Easter Trading Strategy: Does the Stock Market Rally Before the Holiday?

Easter Trading Strategy: Does the Stock Market Rally Before the Holiday?

Quantified Strategies
Quantified StrategiesMar 28, 2026

Key Takeaways

  • Holy Thursday yields average 0.35% gain.
  • Win rate for Wednesday‑Thursday trade is 68%.
  • Four‑day Easter week returns average 0.7% (1.3% post‑2000).
  • Maximum drawdown remains around 2%.
  • Post‑Easter week shows no consistent pattern.

Summary

The Easter trading strategy exploits a seasonal rally that consistently appears on the Thursday before Good Friday, the market’s last trading day of the week. Backtests using the S&P 500 since 1960 show a 0.35% average gain when buying at Wednesday’s close and selling at Thursday’s close, with a 68% win rate and a profit factor of 4.1. Extending the horizon to the full Friday‑to‑Thursday window raises average returns to 0.7% historically and 1.3% since 2000, while drawdowns stay near 2%. The week after Easter shows no repeatable pattern, confirming the edge is tied to the holiday itself.

Pulse Analysis

Holiday‑driven market anomalies have long attracted quant‑focused traders, and Easter provides one of the clearest examples. The convergence of reduced trading volume, institutional portfolio rebalancing, and heightened optimism creates a short‑term supply‑demand imbalance that pushes prices upward on the final trading day before the Good Friday shutdown.

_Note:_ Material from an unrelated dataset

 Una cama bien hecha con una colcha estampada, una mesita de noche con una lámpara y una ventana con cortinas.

Unlike earnings‑related spikes, this effect is calendar‑based, making it predictable and largely independent of macroeconomic noise, which appeals to systematic strategies that thrive on repeatable patterns.

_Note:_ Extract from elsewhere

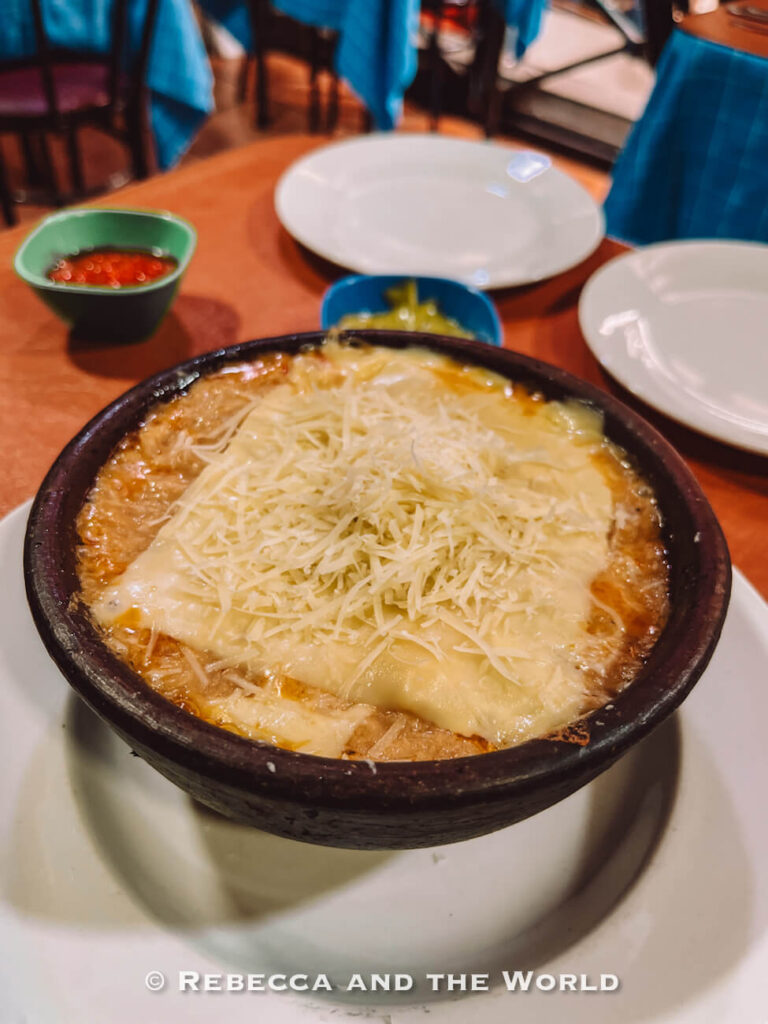 A clay bowl of cheesy baked Chilean dish - chupe de jaiba - served at a restaurant table, representing comforting traditional Chilean food you might try on a Santiago market food tour.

The backtested performance of the Easter window underscores its attractiveness. A simple buy‑at‑Wednesday‑close, sell‑at‑Thursday‑close rule delivers a 0.35% average gain per trade, a 68% win rate, and a profit factor exceeding four, all while limiting drawdowns to roughly 2%. Extending the position from the preceding Friday to Thursday amplifies returns to 0.7% historically and 1.3% in the post‑2000 era, suggesting the effect may be strengthening as market participants increasingly recognize and act on it. These metrics compare favorably to many traditional factor premiums, especially given the short holding period and low volatility.

Practitioners should, however, respect the strategy’s constraints. Execution must be precise—closing‑price entries avoid the intraday volatility that can erode the Thursday rally’s tail. Transaction costs remain minimal due to the brief horizon, but slippage can matter in thinly traded ETFs or small‑cap stocks. Moreover, the post‑Easter week reverts to baseline behavior, so extending positions beyond Thursday eliminates the edge. When integrated into a diversified, rules‑based portfolio, the Easter trading strategy offers a modest, low‑correlation boost that aligns with the broader pursuit of seasonal alpha in modern equity markets.

Easter Trading Strategy: Does the Stock Market Rally Before the Holiday?